From Francis Darwin to Emma Darwin   30 June 1879

Bot. Institut | Würzburg

June 30. /79

My dear Mother,

I hope you have had a successful lark at Hackhurst,1 I don’t suppose one can prophecy English weather from this but it has now begun to be baking hot; the hot-houses are kept so dark that they say when it is too hot to exist in the laboratory they go & cool in the hot-house. Last night was the most tremendous thunderstorm I ever saw   one continuous growl & flash & such rain that the windows looked as if one was inside a waterfall, my street had a torrent running down it in a few minutes, it only lasted about 10 minutes I think.
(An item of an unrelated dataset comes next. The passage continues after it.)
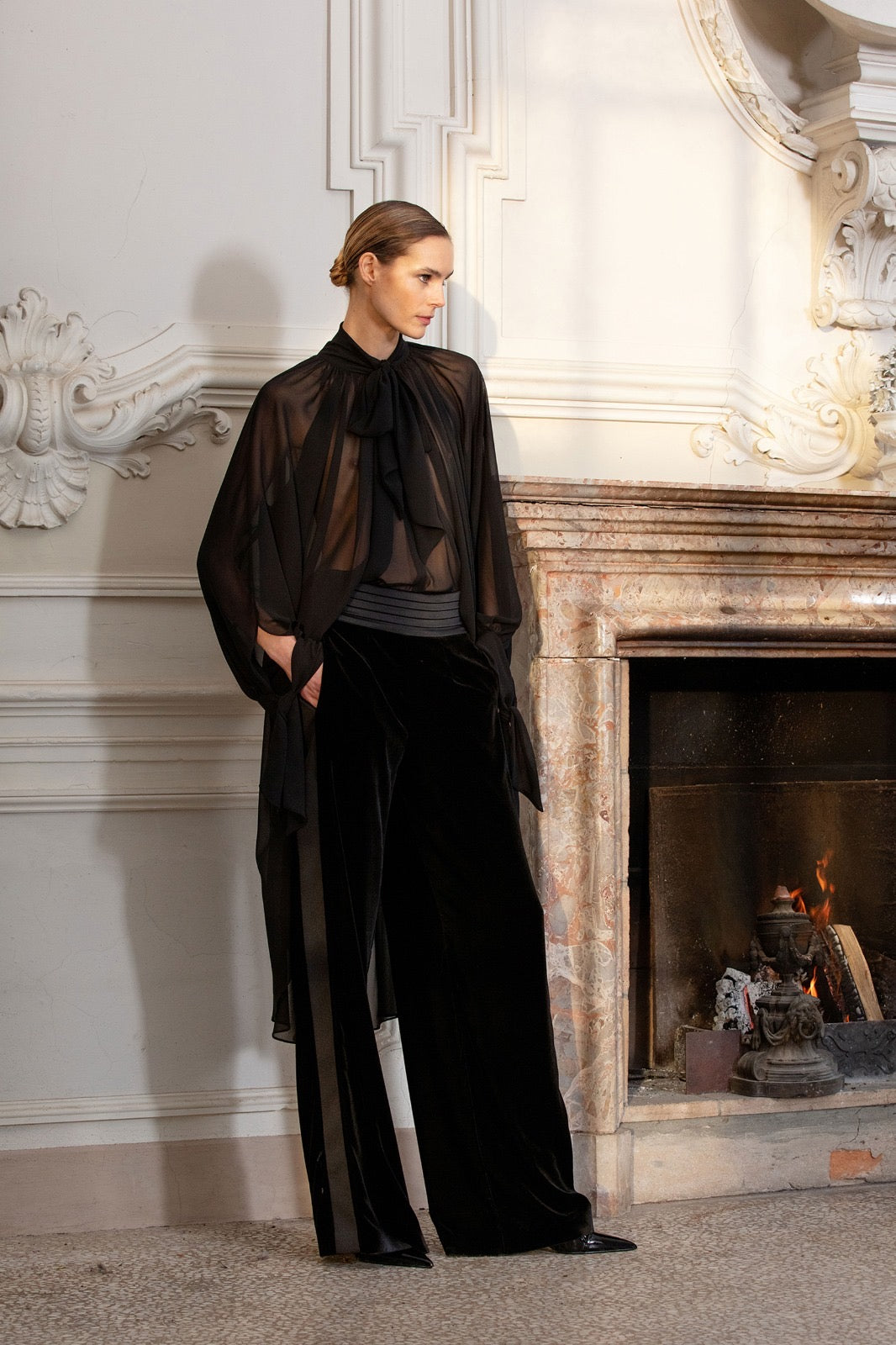 Camicia in Chiffon con Fiocco – disponibile Bordeaux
It was worse than the rain in Norway which G & I saw & of which the American said “They’re not stopping to put it up in drops”.2 I must disburthen myself of some axles, & then I will return to my senses. I have asked several people about proshelismus (a proshelite would be a nice word too) & aphelismus & they say they would be all right, but I will ask Goebel (who has been away) he is the “philolog” to the Institut.3

I did some beans extended horizontally in damp earth some causticed above others below & the difference was very striking 2 of those causticed above being more geotropic than the control beans, while the under caustic were only faintly geotropic (tho’ they were somewhat bent).4 I have today started gold beaters skin & black grease on Monstera which are growing well & turn from light.5 I will see after Porliera, it is very late in growing well but now it looks healthy—I think the pot plants are no use for as I said I dried one till it withered.6 Lastly I will try the point touching a hair here7   I am microscoping nearly every afternoon & could do it quite well. I did the caustic beans to show Sachs & he appeared rather staggered; also I explained to him how the root might grow down a sloping surface & he seemed to have glimmers of sense & said it was quite possible. There was once a ridiculous personal row between De Vries & a german named Meyer:8 Meyer wanted a post in Amsterdam & De Vries wrote a furious attack on him saying he was a perfect duffer in everything. Meyer & everybody else thought De Vries wanted the place himself though I hope he didn’t. Any how Meyer wrote a very severe reply which rather squashed De Vries & made Sachs furious: Meyer got the place   it said that he lived on the crumbs that fall from his rich masters (Sachs) table; it said that he saw what he was told to see & refuted (or contradicted) what he was told to & so on. I am very sorry De Vries is such a wonner for personalities, he pitches into Frank in the same way.9 Please tell me Bessy’s address so calculated that I can write to her when I hear from you again. S. Mary seems to have missed her letters which were sent to Villars.10

I have got to know a nice Englishman called Purdy at least rather a nice Englishman with a very nice wife & I go in to their lodgings & hear her play sometimes: he was assistant to Frankland & knew Leo when he was working there; he is now working Chemistry here.11 I have quite given up bicycling & go & bathe nearly every night with the Finlander.12 What tremendous discoveries of G’s about the cavalier ancestors13   I am snob enough to like it. Please tell Ubbadubba that I should like very much to see some of Dor’s soldiers & I will promise to send them back.14

Goodbye dear Mother | Yr affec | F. D.

CD annotations

2.2 the … geotropic 2.4] double scored pencil
Top of first page: ‘See 2d Page—very good Apex of root like gland of Drosera or Hair of Dionæa specialized points for receiving certain stimulants. But apex of radicle seems brain like, as curve naturally in opposite directions.’15 ink

Footnotes

The Darwins stayed at the home of Laura Mary Forster, West Hackhurst, Abinger Hammer, near Dorking, Surrey, from 28 June until 1 July 1879 (CD’s ‘Journal’ (Appendix II)).
Francis and his brother George Howard Darwin visited Norway in August 1866 (Emma Darwin’s diary (DAR 242)). The American has not been identified.
‘Axles’ was evidently a family word used to refer to unresolved work-related issues (see also Correspondence vol. 26, letter from G. H. Darwin, 7 November 1878). CD wanted to find terminology for referring to movement towards and away from the sun (see letter to Francis Darwin, 25 June [1879] and n. 6). Karl Goebel, although not a philologist, had studied theology and philosophy before switching to botany (NDB).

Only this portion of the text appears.